Menurut Gamawan Fauzi mitigasi diskresi adalah langkah pencegahan agar kepala daerah terhindar dari pidana korupsi, dan tindakan preventif untuk meminimalkan dampak negatif dari pelaksanaan kebebasan atau keleluasaan administratif negara untuk bertindak atas inisiatif sendiri.

Diskresi demikian, tambah Mendagri, biasanya dilakukan para kepala daerah guna menyelesaikan berbagai persoalan mendesak atau darurat yang belum ada atau belum jelas aturannya agar terhindar dari jerat pidana korupsi.

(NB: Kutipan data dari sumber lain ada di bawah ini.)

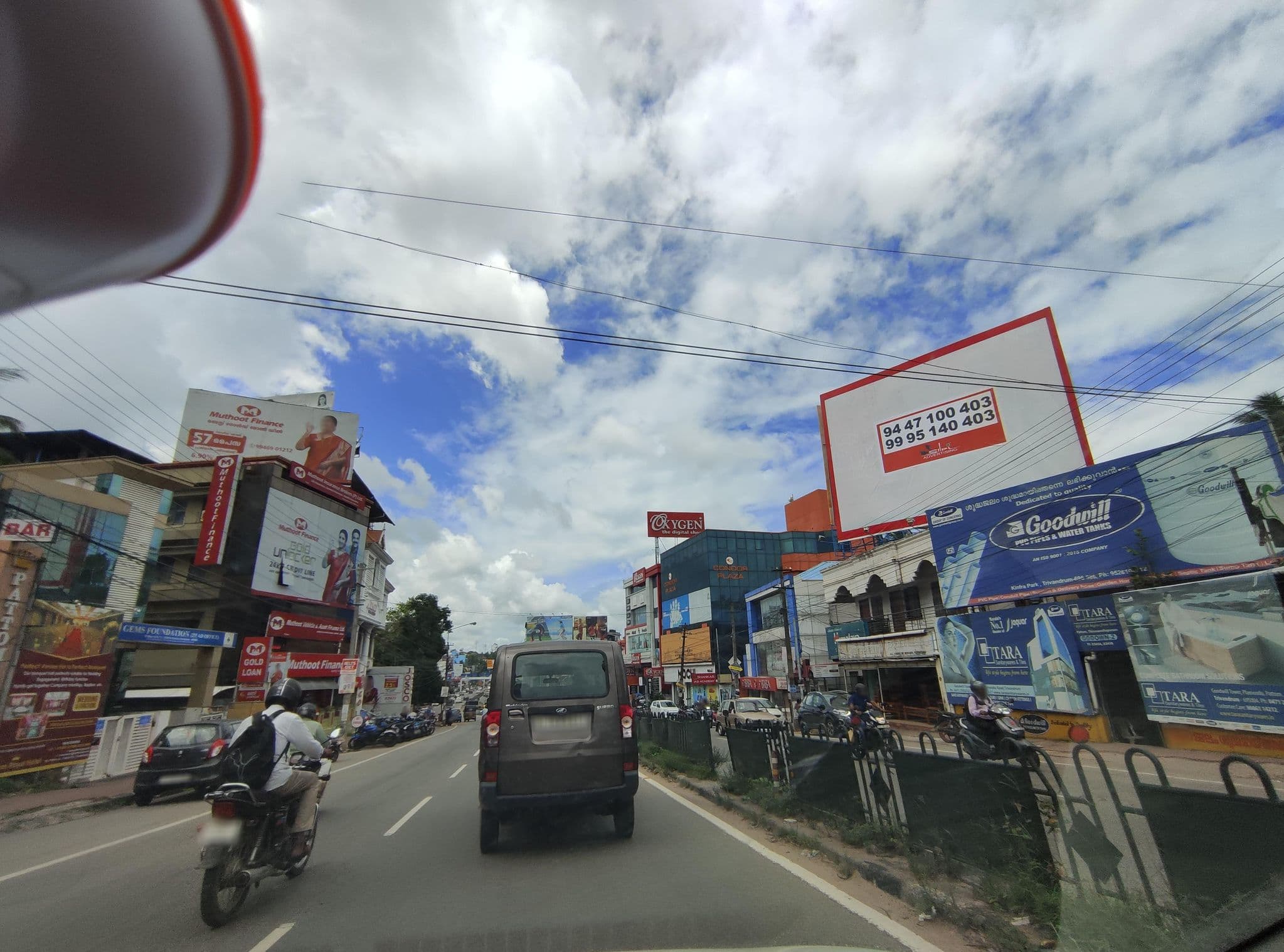 Street view near Pattom Royal Hotel, Thiruvananthapuram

Berdasarkan pemahaman tersebut, menurut Gamawan Fauzi, maka mitigasi diskresi harus dilandasi prinsip bertindak cermat, berorientasi pada tujuan, untuk kepentingan umum, kelancaran penyelenggaraan pemerintah dan tanpa motivasi memperkaya diri atau orang lain.

Ketua Umum Apkasi Isran Noor dalam sambutan pembukaannya meminta agar ada rumusan yang jelas bagi kepala daerah untuk melaksanakan kebijakan mana yang masuk ranah pidana perdata.

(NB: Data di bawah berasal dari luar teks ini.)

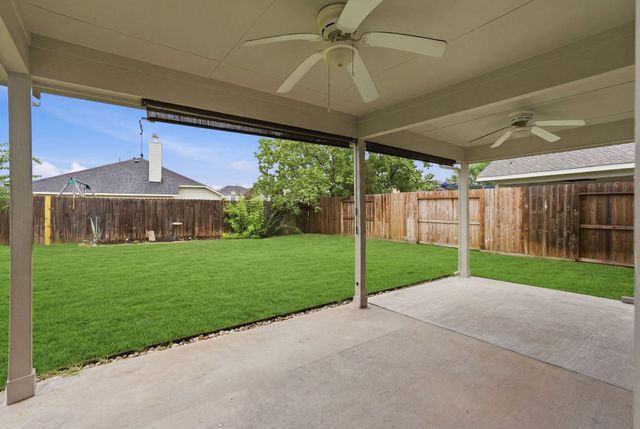 18323 Madisons Crossing Lane, Tomball, TX 77375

Isran Noor mengatakan, Apkasi tidak anti-pemberantasan korupsi tetapi jangan karena ingin menyerap rasa keadilan masyarakat, banyak kepala daerah yang sudah dinyatakan bebas murni oleh pengadilan Tipikor setelah jaksanya melakukan kasasi lantas dinyatakan bersalah.

"Harus ada kejelasan bagi para kepala daerah, mana yang masuk ranah pidana, mana yang masuk perdata guna menghindari kriminalisasi kebijakan para kepala daerah," kata Isran yang mengungkapkan sudah banyak kepala daerah atau mantan kepala daerah yang terperangkap kasus pidana akibat diskresi mereka.

Lokakarya itu juga menghadirkan Dirjen Bangkum Pemeriksaan Keuangan Negara Nizam Burhanudin, Kejaksaan Agung RI mengirimkan Jaksa Agung Muda Bidang Pidana Khusus D Andhi Nirwanto sedangkan Mahkamah Agung menghadirkan Hakim Agung Dr Paulus Efendi Lotulung.